CPCNW holds new varieties of peaches, nectarines and cherries that hold significant potential for New Zealand nurseries and orchards. These varieties have been specifically developed to meet consumer demand for taste, size and nutritional value. The prospect of commercially growing these varieties in New Zealand opens export market opportunities to China, USA, and elsewhere.
Andy McGrath said, “We are heartened that the meeting was collaborative and constructive. The conversation regarding reaccreditation of CPCNW was robust and I am pleased to see both parties moving towards an acceptable position whereby accreditation may be achieved in a timely manner.

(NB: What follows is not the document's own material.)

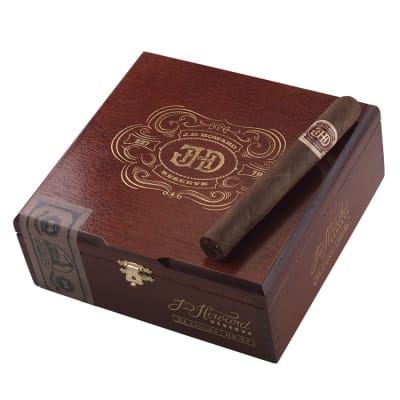 JD Howard Reserve By Crowned Heads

“We will continue to foster a strong working relationship between MPI and CPCNW. New Zealand stands to gain much more from these discussions. We are a small player in the global horticulture and fresh produce market and access to premium varieties is important for our continued success.
“But this is just the start for MPI. It is about time they picked up the ball and started running with it. Too much taxpayers money has been wasted on MPI in-action or illegal actions such as the illegal seizure of plant material,” added Andy McGrath.
“Industry members are seeking a resolution with regard to compensation for the losses and costs incurred as a result of the illegal seizure of plant materials. Nursery owners and orchardists suffered significant disruption to normal business, and the stress these owners were put under impacted on personal lives and relationships. MPI has hardly acknowledged the impact of their actions.
“In addition, the industry is seeking a full review and update of the Import Health Standards (IHS) for Prunus (stonefruit), Malus (apple), and Pyrus (pear) as these are well overdue. The standard for Pyrus expired in 2004!, added Andy McGrath.